→ **What needs to be done**
The answer must be a single number: the count of lines in these records that hold "Bang".
(Beginning of Information provided)
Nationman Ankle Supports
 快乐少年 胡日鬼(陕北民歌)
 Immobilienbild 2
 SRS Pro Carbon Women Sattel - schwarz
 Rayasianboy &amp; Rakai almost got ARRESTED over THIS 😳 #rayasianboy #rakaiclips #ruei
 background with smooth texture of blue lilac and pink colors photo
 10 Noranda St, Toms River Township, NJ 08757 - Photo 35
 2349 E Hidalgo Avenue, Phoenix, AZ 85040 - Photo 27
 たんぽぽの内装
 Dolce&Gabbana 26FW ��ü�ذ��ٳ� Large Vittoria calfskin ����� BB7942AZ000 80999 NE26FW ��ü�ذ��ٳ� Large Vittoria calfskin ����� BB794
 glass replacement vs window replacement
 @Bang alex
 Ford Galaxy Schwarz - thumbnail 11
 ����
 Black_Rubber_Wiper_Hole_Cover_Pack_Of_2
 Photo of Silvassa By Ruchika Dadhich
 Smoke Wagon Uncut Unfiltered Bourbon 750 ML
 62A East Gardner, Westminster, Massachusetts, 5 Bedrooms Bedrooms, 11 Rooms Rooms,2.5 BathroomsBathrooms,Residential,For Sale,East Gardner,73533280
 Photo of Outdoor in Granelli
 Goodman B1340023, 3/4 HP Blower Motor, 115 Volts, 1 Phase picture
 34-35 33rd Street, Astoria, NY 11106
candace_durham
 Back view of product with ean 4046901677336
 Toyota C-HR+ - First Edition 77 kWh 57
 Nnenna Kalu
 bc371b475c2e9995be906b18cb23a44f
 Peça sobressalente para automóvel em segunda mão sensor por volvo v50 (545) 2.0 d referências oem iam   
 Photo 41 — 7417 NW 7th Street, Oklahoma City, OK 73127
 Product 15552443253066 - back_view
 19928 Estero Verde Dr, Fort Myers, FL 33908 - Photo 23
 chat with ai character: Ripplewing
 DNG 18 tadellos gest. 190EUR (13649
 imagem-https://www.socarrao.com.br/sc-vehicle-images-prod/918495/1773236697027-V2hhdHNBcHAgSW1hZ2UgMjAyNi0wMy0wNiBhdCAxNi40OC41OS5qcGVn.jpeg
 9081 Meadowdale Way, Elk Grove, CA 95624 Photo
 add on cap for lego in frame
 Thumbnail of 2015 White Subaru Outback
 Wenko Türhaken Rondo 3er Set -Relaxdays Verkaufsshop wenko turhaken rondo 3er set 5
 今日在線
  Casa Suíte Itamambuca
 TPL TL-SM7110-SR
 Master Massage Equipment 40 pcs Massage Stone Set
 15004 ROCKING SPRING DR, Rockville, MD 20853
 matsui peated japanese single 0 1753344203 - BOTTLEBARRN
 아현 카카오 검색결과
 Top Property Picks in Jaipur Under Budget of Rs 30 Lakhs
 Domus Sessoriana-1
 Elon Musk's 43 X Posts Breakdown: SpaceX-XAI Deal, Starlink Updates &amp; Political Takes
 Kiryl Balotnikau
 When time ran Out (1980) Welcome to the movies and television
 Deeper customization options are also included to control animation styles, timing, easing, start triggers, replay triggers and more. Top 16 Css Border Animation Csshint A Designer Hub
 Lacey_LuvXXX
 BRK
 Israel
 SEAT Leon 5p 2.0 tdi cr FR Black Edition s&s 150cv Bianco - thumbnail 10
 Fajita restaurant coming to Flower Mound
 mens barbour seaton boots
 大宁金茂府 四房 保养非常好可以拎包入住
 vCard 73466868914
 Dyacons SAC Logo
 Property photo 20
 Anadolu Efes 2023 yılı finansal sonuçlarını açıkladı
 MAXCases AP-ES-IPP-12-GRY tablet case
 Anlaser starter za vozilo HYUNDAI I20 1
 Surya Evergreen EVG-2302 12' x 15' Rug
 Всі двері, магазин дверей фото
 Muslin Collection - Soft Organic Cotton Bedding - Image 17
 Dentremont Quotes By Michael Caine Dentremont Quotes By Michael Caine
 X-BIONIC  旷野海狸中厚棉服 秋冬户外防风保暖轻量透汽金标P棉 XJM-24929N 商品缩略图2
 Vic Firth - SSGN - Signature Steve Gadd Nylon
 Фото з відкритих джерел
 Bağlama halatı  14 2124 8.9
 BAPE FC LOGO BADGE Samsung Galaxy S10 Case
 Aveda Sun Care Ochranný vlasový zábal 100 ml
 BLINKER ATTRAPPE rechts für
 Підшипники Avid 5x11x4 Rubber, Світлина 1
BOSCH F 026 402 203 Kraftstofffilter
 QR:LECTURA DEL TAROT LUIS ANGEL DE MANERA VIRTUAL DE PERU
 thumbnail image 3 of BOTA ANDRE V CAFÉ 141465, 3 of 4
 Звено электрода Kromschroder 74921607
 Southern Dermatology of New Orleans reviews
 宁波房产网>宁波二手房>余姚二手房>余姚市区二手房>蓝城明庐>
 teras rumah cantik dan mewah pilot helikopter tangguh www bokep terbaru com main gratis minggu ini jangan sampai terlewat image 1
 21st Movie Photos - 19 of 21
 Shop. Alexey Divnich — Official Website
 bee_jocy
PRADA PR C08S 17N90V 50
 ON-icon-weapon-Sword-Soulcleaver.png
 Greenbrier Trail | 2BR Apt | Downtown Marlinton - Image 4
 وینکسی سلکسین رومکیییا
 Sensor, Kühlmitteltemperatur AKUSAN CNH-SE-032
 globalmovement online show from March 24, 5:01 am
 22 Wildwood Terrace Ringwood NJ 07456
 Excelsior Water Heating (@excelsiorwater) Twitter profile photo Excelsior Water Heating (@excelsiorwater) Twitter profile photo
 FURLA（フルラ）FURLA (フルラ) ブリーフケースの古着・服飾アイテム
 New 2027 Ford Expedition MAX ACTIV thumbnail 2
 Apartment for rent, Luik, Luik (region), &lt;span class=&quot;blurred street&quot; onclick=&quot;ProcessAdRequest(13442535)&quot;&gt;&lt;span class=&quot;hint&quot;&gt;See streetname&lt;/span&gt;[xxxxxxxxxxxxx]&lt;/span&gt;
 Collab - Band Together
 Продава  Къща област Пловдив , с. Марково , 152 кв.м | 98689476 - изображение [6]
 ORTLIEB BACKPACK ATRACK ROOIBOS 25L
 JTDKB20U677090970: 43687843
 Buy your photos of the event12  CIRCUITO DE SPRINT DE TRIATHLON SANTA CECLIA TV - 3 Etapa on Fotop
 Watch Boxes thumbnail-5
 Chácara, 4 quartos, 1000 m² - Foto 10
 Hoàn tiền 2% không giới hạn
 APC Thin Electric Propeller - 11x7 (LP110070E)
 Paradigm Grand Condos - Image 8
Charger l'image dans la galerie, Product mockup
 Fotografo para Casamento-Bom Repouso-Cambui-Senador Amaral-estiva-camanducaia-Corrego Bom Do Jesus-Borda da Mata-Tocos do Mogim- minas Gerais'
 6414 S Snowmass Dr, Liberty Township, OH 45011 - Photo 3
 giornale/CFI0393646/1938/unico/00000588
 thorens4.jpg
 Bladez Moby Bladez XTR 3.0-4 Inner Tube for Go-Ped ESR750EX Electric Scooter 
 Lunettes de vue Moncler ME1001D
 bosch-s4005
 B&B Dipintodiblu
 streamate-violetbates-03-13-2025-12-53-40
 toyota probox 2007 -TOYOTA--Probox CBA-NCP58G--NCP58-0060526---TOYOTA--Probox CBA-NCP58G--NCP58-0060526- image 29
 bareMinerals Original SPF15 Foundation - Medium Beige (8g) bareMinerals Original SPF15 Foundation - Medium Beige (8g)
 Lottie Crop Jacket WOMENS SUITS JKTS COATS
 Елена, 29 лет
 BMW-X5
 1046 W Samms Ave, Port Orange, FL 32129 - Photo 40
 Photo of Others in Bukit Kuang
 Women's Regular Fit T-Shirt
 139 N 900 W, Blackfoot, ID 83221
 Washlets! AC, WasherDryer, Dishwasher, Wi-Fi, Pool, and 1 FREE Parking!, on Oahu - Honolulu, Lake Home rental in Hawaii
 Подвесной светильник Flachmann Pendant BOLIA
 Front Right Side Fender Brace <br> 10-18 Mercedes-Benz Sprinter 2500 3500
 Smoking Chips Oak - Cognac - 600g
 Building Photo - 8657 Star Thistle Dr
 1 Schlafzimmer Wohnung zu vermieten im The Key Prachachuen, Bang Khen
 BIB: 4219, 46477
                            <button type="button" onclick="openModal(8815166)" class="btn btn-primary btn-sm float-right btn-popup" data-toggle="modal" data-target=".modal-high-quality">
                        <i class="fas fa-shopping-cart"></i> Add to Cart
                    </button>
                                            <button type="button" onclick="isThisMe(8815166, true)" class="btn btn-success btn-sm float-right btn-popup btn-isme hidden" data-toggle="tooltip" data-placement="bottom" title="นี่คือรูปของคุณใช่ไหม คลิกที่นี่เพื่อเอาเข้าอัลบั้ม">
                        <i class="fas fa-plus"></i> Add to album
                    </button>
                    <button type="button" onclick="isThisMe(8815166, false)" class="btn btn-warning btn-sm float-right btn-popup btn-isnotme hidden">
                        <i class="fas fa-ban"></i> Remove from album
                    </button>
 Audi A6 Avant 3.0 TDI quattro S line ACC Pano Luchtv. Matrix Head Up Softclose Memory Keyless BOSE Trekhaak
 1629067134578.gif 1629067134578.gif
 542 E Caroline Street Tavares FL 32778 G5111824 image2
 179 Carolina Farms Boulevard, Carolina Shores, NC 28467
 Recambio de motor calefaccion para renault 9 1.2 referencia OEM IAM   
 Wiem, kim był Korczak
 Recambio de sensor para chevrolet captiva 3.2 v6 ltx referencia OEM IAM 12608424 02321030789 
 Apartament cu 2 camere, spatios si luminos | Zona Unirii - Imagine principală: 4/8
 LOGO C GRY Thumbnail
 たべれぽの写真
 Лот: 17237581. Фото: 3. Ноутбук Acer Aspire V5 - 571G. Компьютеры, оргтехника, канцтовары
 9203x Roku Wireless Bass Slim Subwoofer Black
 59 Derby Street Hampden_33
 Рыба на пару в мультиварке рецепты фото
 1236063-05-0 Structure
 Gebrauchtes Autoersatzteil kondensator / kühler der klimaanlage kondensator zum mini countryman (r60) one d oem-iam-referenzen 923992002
(End of Information provided)
→ **Reply**
2